I didn't try to understand your circuit, but your PMOS sources and drains are swapped.Well, I figured out a way to wire add PMOS's into the circuit for each relay coil and it's NMOS driver to chain relays together so that each relay in a chain can be activated individually, but activating a relay will also activate all relays that came before it in a chain. All without using the primary terminals of the relays which would distort the current readings. This would allow a SPxT switch to be used.
Still a lot of parts though which could be replaced by a single strange switch.
I figured as much. I just worry about some NOOB copying your design and ... Well, you know the rest.Ah, yeah the PMOS drains are swapped. Yeah i know you need diodes. I just quickly drew this up to show the method than the actual implementation.
Have a look at the bottom of page 12 of the datasheet.
The charge current is determined by:
The charge current sense resistor, and, the voltage on terminal Viset.
The Viset can be between 0 and 2 volts, thus allowing a wide range of adjustment of the charge current.
JimB
Hi there dk,
So this is what you are going to use after the transformer for your chargers?
Did you consider yet using a simple voltage divider for the current sense? That would give you easier control over changing the feedback so you can switch currents a little easier. Taking it to the extreme, if it works, it could make it a LOT easier.

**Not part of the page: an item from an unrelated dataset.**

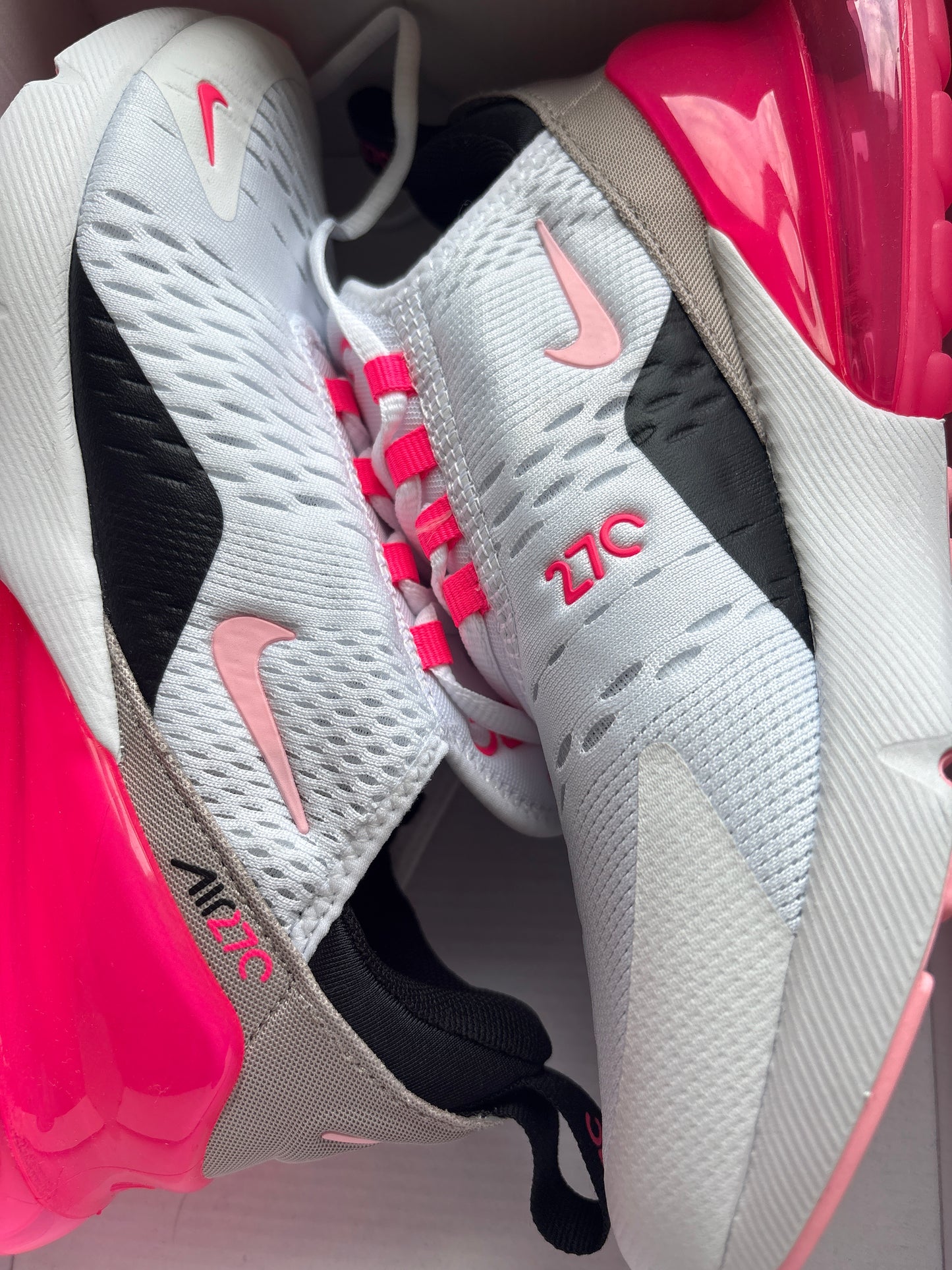 Nike Air Max 270 Größe 38,5 in weiss/pink/schwarz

The idea is to use (say) a 0.1 ohm resistor as the current sense. A voltage divider built around this resistor cuts the voltage down to 0.1 volt when 10 amps flows to the output. If you want to match the resistance of the 0.1 ohm, you would use a 0.08 ohm in series with a 0.02 ohm and take the left hand side current sense lead from the junction of these two. This way when 10 amps flows to the output 5 amps goes through the 0.1 ohm and 5 amps through the 0.08 in series with the 0.02, which puts again 0.1 volts across the 0.02 resistor so the current feedback sense gets the same voltage as before.
Taking this to the extreme, we might get away with using (say) a 0.1 ohm resistor and even possibly 90 ohms and 10 ohms, taking the left current sense lead from the junction again and the right current sense lead from the right side of the 10 ohm resistor. This way when 10 amps flows to the output almost the entire 10 amps flows through the 0.1 ohm resistor yet the differential current sense voltage is still around 0.1 volts.

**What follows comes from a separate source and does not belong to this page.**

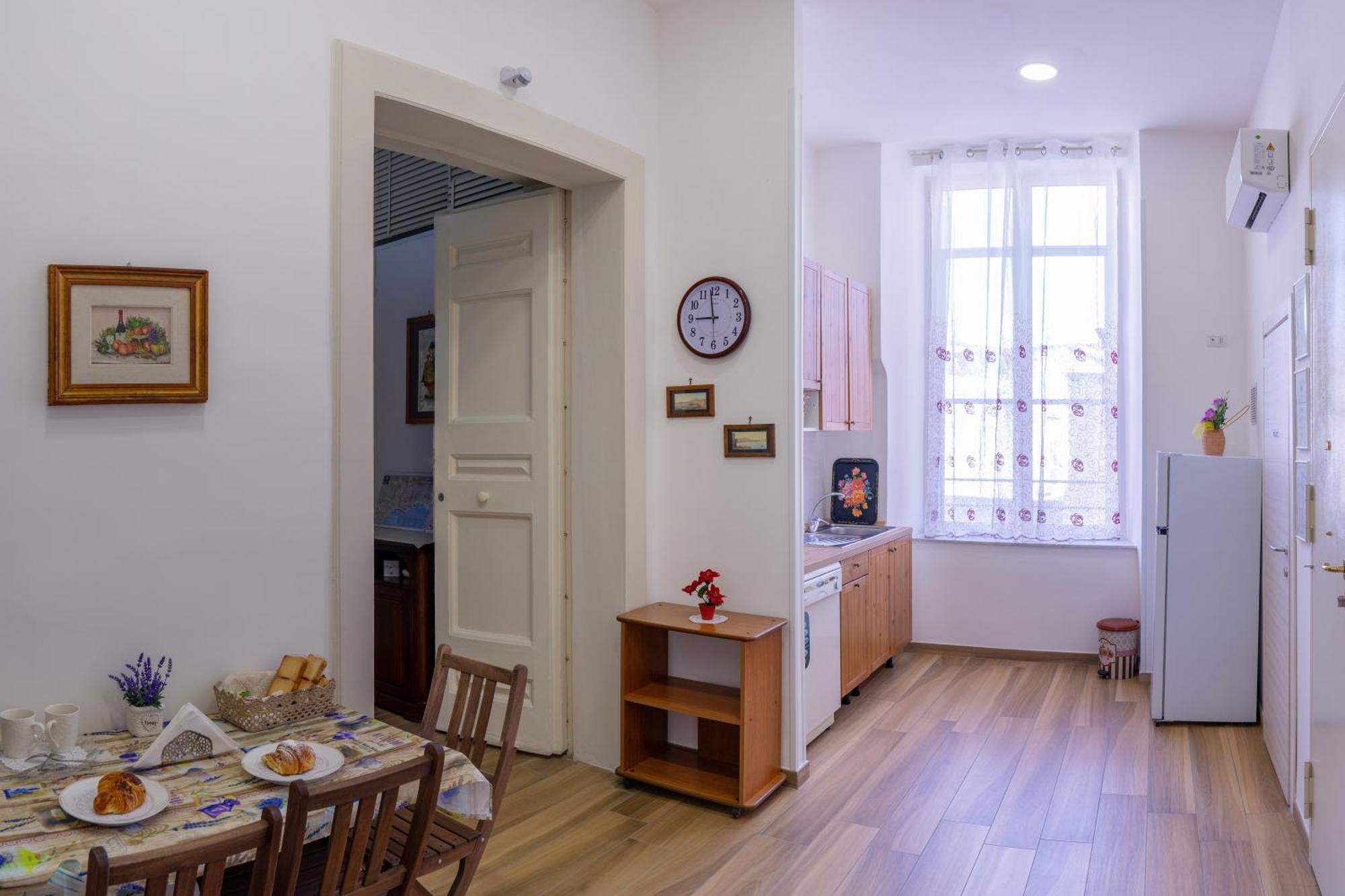 B&B Palazzo Sersale Napoli ภายนอก รูปภาพ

Whether this works or not partly depends on how the internal current sense it really built up. From the data sheet it looks like a true differential current sense and if it really is then this would definitely work.
After you get it working (perhaps with the 0.08 and 0.02 first) you can proceed to figure out how to adjust the output current, which should come out much easier than having to switch in or out a bunch of resistors.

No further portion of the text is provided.